Alpha, as a microprocessor architecture designed specifically for high-end desktops, workstations, and servers, also made them one of the first companies to achieve a 64-bit architecture.

Looking back now, Alpha's contribution to the industry may not lie in how many products have adopted this architecture, but rather in its theoretical provision of a new way of thinking for the development of the industry.

Some people believe that Alpha and MIPS, two RISC architectures, considered 64 bits earlier and introduced many advanced micro-architecture design concepts, which influenced the future development of Intel in micro-architecture and hyper-threading, and some shadows of Alpha architecture can be seen in the micro-architecture design of Intel processors.

SUN, as a representative of open-source architecture, is regrettable for its decline, but the demise of DEC Alpha was due to its overly closed ecosystem.

According to data, DEC produced all accessories and peripherals related to Alpha processors by itself, but the motherboard developed for desktop computers did not support SMP, and almost all companies using Alpha processors at the time would use multi-processor systems, so the desktop models launched by DEC were not competitive.

In addition, Alpha processors have always not supported free open-source operating systems, which has also become another reason for their defeat.In 1998, due to financial reasons, DEC sold the Alpha architecture along with most of its content to Compaq. However, Compaq, which was already an Intel customer, decided to phase out Alpha in favor of the upcoming Itanium architecture and sold all Alpha intellectual property to Intel in 2001.

Since then, the story of Alpha has come to an end.

PA-RISC Architecture

In addition to this, the PA-RISC architecture introduced by Hewlett-Packard also could not escape the fate of being eliminated.

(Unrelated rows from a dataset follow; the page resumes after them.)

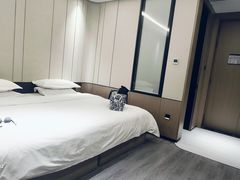 -雲宜贵宾舍酒店(深圳龙东地铁站店)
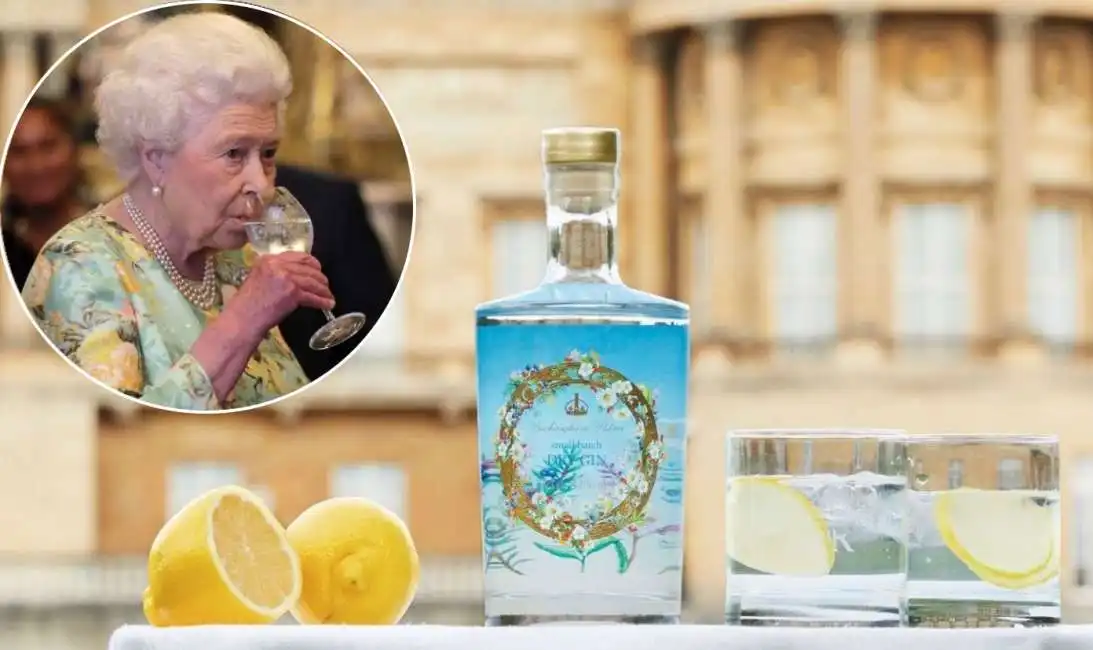 regina elisabetta gin buckingham palace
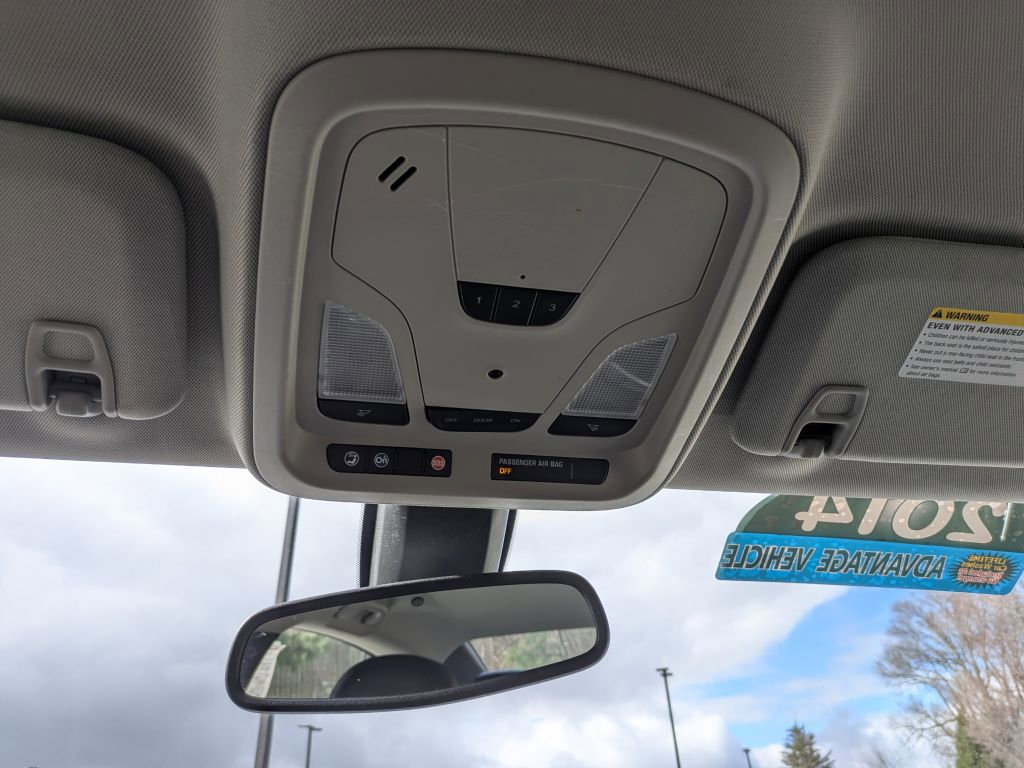 Used 2014 Chevrolet Impala LT w/ Convenience Package image 24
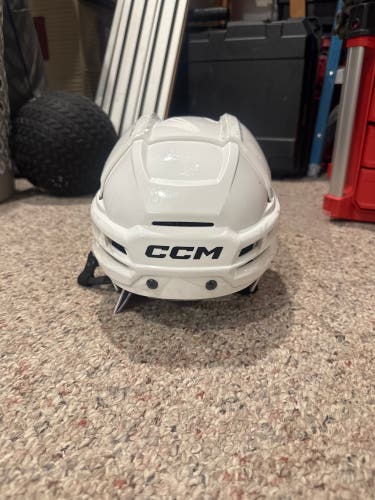 Medium CCM Tacks 720 Helmet (New)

PA-RISC was also a member of the mid-1980s, first appearing on February 26, 1986, and was applied to the HP 3000 930 series and HP 9000 840 mode processors. Later, this architecture was replaced by the Itanium architecture jointly developed by Hewlett-Packard and Intel.

However, Intel's Itanium did not become the ultimate winner either. This 64-bit architecture, named in 1999, has not been updated since 2017. In 2019, Intel announced that the Itanium 9700 processor would begin to be phased out, with the last shipment in July 2021, and HPE's service area will be supported until 2025.

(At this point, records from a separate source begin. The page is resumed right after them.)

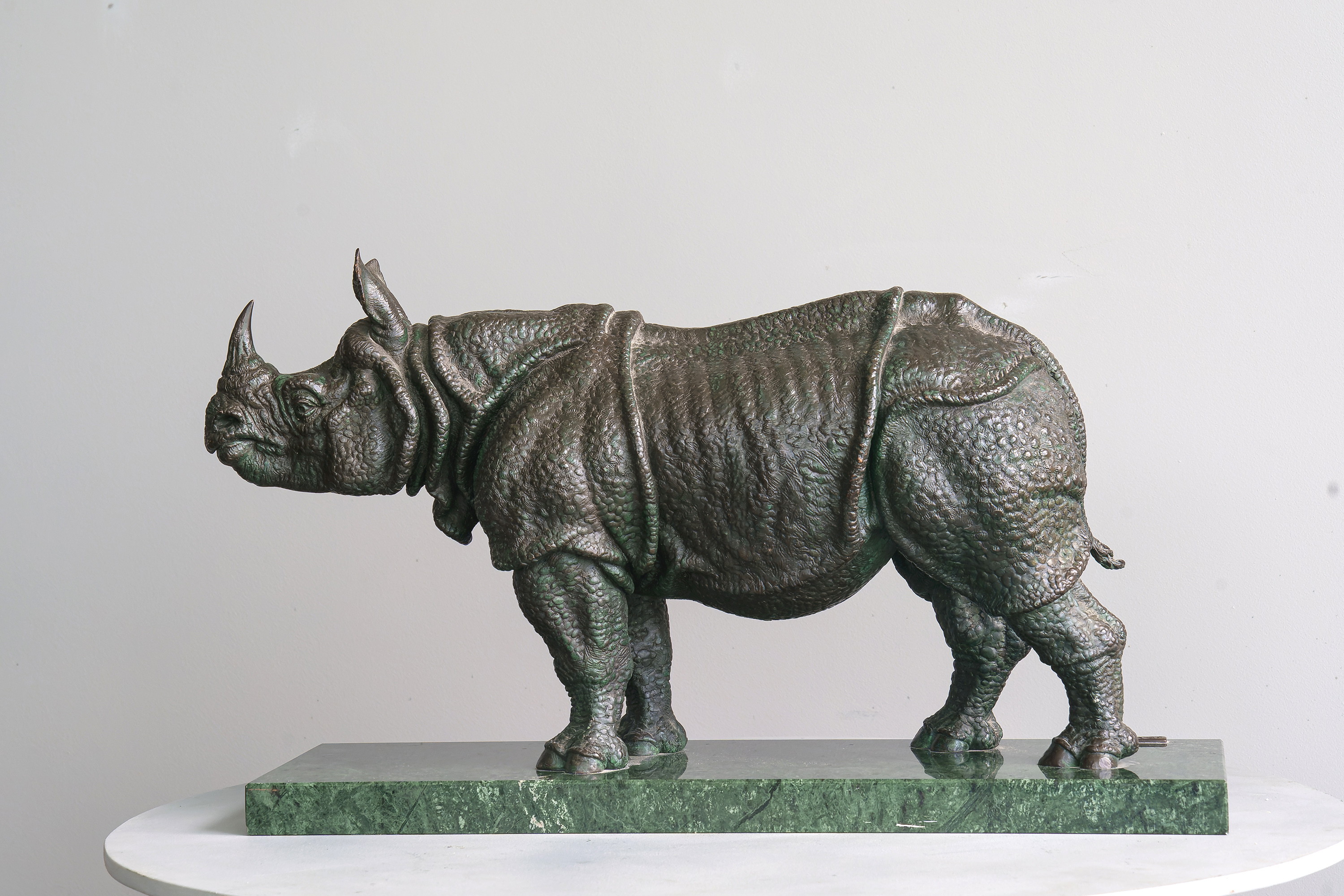 Indian rhinoceros, bronze sculpture by Sergey Bondarenko — alternate angle 1
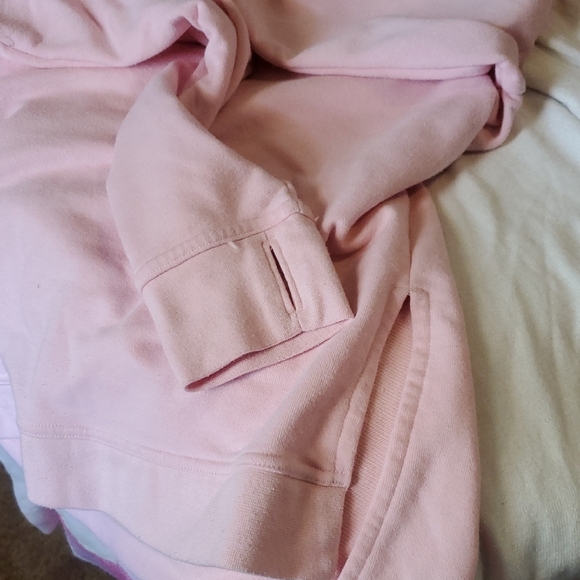 Baby Powdered Pink Sweatshirt with 'LOVE' In Puff Vinyl Nod To The 80s Sz Large - Picture 7 of 7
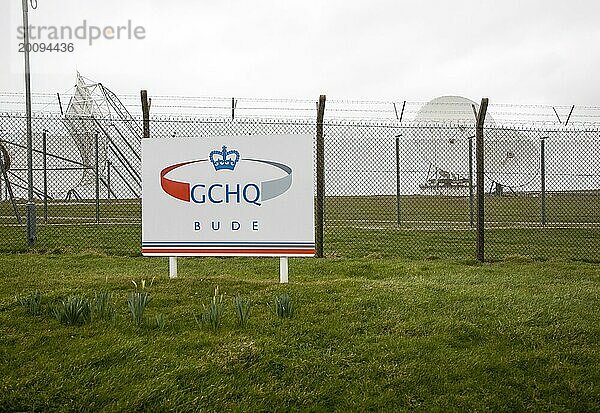 Satellitenempfangsschüsseln und Schild für GCHQ Einrichtung in der Nähe von Bude  Cornwall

With the discontinuation of pure 64-bit Itanium processors, it also means that the Itanium architecture has faded into history.

It turns out that in the process of market development, no processor architecture can always meet the needs of the market. However, from the current results, RISC-V has become the overlord of other RISC designs and the forgotten architectures along the way, becoming their final destination.

In conclusion, looking back at history from the current perspective, in terms of processor design and energy efficiency ratio, if there is a most classic RISC processor architecture, it must be MIPS. Even its competitors have to admit its elegance. MIPS is regarded as a model in processor textbooks, and its presence can be seen in many other processors.The historical stories of MIPS, including other architectures such as SPARC, Alpha, and PA-RISC, have precisely demonstrated the "uncertainty" of the semiconductor market. An ISA that cannot establish a solid foothold and keep up with the industry's development needs will quickly be eliminated by the market.

Looking at the current processor architecture market, X86 still stands firm, but the players competing against it have changed. In this round, the competitors are the ARM and RISC-V camps. Looking at the development of the latter two, they have been actively expanding into the PC market in recent years. At the same time, driven by the era of big data, they also have intentions to develop in the direction of the server market.

But for this market, Intel has already established a strong advantage in this field. In addition to the products, the ecosystem is also a powerful weapon for it to defend its territory.

However, emerging markets are always developing, industry needs are endless, and the business world is changing rapidly. This elimination competition of processor architecture seems to have not ended.

No one should think they are stable.